__Source data__.
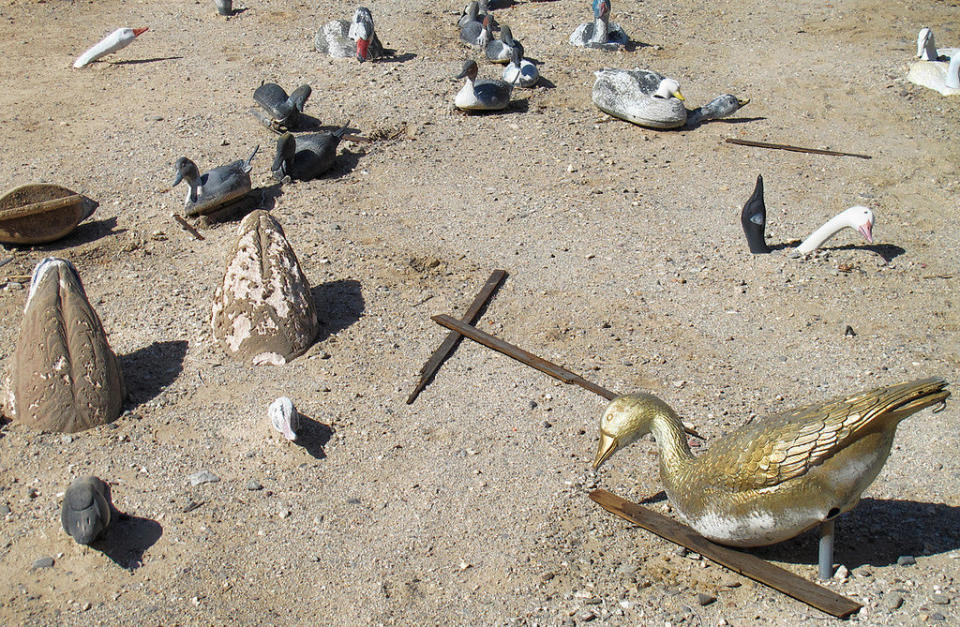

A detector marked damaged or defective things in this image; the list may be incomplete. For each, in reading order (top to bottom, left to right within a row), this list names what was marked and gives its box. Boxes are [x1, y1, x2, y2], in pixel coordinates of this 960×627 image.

broken wood plank [728, 137, 872, 159]
broken wood plank [171, 212, 204, 239]
broken wood plank [406, 272, 510, 408]
broken wood plank [434, 316, 616, 400]
broken wood plank [584, 490, 864, 620]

__Exercise directions__.
Each line above has to be returned exactly. Drop the pictures.

__Output of the exercise__.
A detector marked damaged or defective things in this image; the list may be incomplete. For each, in reading order (top to bottom, left to right within a row), this list names what was marked and gives its box. Boxes are [x1, y1, x2, y2], in pixel coordinates of this 960×627 image.

broken wood plank [728, 137, 872, 159]
broken wood plank [171, 212, 204, 239]
broken wood plank [406, 272, 510, 408]
broken wood plank [434, 316, 616, 400]
broken wood plank [584, 490, 864, 620]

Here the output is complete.